- **Task prompt**:
Every line below between the one holding "UK SUBS - Complete" and the one holding "eros ramazzotti tour 2023 songs", inclusive, should be copied exactly, and no other line.

- **Supplied information**:
■ ■ ■ ■ ■ ■ ■

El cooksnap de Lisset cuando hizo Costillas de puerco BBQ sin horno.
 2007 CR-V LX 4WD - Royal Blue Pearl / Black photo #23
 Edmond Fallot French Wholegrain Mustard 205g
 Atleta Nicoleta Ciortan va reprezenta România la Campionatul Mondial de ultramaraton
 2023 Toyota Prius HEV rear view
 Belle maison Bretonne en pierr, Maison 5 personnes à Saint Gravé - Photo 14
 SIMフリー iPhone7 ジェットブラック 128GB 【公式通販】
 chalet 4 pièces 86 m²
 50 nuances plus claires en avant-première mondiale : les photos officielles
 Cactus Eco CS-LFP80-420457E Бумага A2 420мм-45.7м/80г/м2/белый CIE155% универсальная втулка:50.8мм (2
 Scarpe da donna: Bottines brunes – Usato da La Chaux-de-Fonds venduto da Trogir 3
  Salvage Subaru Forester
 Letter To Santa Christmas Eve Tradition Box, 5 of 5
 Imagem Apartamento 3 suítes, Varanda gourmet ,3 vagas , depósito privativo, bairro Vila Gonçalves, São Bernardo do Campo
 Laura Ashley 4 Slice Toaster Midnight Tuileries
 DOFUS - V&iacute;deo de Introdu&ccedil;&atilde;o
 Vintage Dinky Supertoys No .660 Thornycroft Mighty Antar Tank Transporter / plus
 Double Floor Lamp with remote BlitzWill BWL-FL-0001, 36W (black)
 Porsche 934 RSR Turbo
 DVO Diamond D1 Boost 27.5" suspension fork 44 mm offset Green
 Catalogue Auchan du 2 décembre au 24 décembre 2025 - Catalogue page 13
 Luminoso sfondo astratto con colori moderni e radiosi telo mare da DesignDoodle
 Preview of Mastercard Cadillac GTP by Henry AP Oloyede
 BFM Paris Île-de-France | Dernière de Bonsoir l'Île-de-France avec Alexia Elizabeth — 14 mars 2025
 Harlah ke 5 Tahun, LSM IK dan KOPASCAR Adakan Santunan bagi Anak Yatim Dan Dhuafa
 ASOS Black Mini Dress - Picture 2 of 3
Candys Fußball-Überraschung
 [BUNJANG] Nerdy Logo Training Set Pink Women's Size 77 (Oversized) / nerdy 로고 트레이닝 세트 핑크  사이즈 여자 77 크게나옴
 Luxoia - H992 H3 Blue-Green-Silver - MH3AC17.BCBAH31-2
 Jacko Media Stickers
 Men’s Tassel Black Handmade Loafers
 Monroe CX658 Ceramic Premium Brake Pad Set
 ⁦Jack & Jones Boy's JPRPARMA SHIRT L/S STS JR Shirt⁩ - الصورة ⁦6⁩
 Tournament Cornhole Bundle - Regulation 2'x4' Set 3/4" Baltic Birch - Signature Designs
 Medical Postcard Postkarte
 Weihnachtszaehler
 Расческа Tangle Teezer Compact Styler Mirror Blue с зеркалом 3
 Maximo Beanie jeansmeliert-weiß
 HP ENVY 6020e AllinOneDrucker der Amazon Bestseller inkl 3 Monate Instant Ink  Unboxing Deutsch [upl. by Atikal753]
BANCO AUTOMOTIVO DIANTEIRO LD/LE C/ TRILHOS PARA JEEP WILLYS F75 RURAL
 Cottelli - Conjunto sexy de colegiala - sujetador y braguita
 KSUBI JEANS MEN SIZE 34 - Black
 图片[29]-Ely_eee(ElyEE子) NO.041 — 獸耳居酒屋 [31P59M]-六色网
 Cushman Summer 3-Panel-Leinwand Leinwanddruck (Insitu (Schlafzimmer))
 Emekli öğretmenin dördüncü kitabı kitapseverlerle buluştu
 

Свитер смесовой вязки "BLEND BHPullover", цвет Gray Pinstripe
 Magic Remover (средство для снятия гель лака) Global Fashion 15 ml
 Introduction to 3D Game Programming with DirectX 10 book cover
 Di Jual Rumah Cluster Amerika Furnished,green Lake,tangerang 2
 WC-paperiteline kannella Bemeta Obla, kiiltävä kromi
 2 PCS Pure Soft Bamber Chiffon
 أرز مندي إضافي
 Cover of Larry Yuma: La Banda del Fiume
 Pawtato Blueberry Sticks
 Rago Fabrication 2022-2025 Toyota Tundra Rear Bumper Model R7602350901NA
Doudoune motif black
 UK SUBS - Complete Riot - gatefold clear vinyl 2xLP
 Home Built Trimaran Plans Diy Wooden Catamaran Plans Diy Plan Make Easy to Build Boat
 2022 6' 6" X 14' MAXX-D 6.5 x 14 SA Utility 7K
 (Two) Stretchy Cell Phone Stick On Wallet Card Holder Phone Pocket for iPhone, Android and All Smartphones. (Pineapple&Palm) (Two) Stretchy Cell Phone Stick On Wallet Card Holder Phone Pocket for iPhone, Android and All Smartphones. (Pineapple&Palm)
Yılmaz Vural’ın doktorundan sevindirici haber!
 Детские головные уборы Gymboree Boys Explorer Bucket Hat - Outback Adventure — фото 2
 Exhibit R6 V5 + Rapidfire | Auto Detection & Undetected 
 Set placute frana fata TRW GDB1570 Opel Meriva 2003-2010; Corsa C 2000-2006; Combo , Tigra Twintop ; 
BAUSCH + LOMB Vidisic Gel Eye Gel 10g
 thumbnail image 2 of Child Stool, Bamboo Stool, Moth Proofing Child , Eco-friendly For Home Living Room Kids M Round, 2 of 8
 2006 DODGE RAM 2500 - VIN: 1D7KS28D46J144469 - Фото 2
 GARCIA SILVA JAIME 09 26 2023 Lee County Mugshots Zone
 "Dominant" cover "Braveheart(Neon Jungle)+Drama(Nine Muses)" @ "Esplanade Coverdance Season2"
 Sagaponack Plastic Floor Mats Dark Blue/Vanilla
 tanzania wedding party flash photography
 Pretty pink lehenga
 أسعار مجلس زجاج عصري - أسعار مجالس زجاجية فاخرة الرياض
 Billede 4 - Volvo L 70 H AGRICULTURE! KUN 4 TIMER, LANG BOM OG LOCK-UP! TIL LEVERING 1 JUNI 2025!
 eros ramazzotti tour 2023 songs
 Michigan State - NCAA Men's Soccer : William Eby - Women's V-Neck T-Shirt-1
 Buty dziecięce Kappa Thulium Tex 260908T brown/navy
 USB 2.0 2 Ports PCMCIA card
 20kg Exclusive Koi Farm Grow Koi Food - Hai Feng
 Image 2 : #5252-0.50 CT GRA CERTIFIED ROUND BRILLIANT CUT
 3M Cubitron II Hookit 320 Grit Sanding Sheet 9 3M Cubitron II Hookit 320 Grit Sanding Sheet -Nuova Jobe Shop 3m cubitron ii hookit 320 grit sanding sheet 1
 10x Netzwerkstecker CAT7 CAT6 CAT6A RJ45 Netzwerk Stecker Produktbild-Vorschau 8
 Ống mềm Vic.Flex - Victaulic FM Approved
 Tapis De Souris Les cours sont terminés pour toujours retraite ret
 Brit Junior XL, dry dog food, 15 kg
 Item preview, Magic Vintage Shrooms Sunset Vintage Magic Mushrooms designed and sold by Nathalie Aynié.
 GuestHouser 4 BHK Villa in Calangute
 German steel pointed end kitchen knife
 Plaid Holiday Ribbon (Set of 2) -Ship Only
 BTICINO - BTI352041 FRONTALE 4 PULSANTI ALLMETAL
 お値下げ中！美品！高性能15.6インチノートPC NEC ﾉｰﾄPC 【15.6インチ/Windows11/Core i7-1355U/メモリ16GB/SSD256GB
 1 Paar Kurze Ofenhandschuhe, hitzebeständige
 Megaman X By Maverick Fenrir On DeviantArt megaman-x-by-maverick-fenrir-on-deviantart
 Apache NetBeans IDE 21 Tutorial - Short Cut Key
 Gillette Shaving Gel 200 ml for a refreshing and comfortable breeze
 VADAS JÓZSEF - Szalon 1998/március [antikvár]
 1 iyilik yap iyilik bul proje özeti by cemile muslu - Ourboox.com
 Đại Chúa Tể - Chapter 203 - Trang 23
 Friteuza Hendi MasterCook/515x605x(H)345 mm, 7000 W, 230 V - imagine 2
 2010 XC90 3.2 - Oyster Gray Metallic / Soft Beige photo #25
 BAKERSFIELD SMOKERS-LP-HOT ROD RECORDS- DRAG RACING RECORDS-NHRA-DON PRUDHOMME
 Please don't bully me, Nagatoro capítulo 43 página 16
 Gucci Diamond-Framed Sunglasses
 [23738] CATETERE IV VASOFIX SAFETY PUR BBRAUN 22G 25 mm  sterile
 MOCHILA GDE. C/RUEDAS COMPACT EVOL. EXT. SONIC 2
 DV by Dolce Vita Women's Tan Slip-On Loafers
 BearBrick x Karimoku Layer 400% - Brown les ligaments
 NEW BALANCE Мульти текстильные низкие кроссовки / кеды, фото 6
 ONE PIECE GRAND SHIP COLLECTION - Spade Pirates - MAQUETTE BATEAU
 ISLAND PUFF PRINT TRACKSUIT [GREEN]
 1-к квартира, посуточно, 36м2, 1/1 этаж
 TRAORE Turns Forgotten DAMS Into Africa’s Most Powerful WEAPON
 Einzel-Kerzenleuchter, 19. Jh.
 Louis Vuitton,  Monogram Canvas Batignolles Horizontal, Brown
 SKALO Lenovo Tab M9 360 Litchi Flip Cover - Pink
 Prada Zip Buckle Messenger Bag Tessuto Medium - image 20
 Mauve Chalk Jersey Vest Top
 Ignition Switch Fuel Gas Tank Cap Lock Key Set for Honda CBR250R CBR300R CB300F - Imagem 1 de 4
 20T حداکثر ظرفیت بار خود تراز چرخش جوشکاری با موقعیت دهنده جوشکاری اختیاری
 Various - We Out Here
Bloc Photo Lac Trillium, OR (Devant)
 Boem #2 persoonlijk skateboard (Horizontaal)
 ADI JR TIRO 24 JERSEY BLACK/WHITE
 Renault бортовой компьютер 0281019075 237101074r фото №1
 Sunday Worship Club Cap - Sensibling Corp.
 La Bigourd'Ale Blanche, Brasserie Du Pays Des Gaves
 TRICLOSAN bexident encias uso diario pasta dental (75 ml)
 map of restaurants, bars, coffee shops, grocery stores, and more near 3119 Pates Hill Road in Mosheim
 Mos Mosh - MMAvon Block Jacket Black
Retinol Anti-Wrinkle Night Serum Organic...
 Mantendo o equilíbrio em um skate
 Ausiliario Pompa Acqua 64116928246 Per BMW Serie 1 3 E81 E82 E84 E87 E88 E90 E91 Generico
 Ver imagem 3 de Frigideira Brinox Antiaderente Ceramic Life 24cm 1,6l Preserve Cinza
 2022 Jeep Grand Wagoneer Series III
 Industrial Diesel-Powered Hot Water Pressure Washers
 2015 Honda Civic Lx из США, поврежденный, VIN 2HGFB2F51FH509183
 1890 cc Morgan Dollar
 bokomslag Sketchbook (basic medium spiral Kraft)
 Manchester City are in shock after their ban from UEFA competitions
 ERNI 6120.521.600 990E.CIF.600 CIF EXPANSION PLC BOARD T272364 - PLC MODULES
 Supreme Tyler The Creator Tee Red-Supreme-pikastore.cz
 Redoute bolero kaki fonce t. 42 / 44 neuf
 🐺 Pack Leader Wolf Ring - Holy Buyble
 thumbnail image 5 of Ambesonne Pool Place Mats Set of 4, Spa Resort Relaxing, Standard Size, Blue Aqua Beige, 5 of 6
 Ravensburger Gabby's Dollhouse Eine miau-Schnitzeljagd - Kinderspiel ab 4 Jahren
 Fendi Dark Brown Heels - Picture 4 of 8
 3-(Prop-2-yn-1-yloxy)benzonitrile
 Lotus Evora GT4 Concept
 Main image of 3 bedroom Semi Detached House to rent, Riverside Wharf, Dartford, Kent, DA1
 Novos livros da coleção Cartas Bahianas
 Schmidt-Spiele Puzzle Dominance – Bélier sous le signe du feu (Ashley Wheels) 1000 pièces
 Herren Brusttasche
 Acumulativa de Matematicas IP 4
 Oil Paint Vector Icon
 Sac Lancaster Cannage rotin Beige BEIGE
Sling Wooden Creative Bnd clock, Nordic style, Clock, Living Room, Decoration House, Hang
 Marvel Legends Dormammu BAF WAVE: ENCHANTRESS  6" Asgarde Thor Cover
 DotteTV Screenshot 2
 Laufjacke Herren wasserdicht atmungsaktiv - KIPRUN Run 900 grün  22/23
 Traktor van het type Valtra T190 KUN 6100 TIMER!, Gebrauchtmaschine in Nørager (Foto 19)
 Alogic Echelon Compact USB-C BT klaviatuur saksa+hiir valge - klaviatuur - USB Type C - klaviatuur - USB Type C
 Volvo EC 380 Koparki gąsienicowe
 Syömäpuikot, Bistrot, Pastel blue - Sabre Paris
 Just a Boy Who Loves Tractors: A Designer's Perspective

■ ■ ■ ■ ■ ■ ■

- **Completed exercise**:
 UK SUBS - Complete Riot - gatefold clear vinyl 2xLP
 Home Built Trimaran Plans Diy Wooden Catamaran Plans Diy Plan Make Easy to Build Boat
 2022 6' 6" X 14' MAXX-D 6.5 x 14 SA Utility 7K
 (Two) Stretchy Cell Phone Stick On Wallet Card Holder Phone Pocket for iPhone, Android and All Smartphones. (Pineapple&Palm) (Two) Stretchy Cell Phone Stick On Wallet Card Holder Phone Pocket for iPhone, Android and All Smartphones. (Pineapple&Palm)
Yılmaz Vural’ın doktorundan sevindirici haber!
 Детские головные уборы Gymboree Boys Explorer Bucket Hat - Outback Adventure — фото 2
 Exhibit R6 V5 + Rapidfire | Auto Detection & Undetected 
 Set placute frana fata TRW GDB1570 Opel Meriva 2003-2010; Corsa C 2000-2006; Combo , Tigra Twintop ; 
BAUSCH + LOMB Vidisic Gel Eye Gel 10g
 thumbnail image 2 of Child Stool, Bamboo Stool, Moth Proofing Child , Eco-friendly For Home Living Room Kids M Round, 2 of 8
 2006 DODGE RAM 2500 - VIN: 1D7KS28D46J144469 - Фото 2
 GARCIA SILVA JAIME 09 26 2023 Lee County Mugshots Zone
 "Dominant" cover "Braveheart(Neon Jungle)+Drama(Nine Muses)" @ "Esplanade Coverdance Season2"
 Sagaponack Plastic Floor Mats Dark Blue/Vanilla
 tanzania wedding party flash photography
 Pretty pink lehenga
 أسعار مجلس زجاج عصري - أسعار مجالس زجاجية فاخرة الرياض
 Billede 4 - Volvo L 70 H AGRICULTURE! KUN 4 TIMER, LANG BOM OG LOCK-UP! TIL LEVERING 1 JUNI 2025!
 eros ramazzotti tour 2023 songs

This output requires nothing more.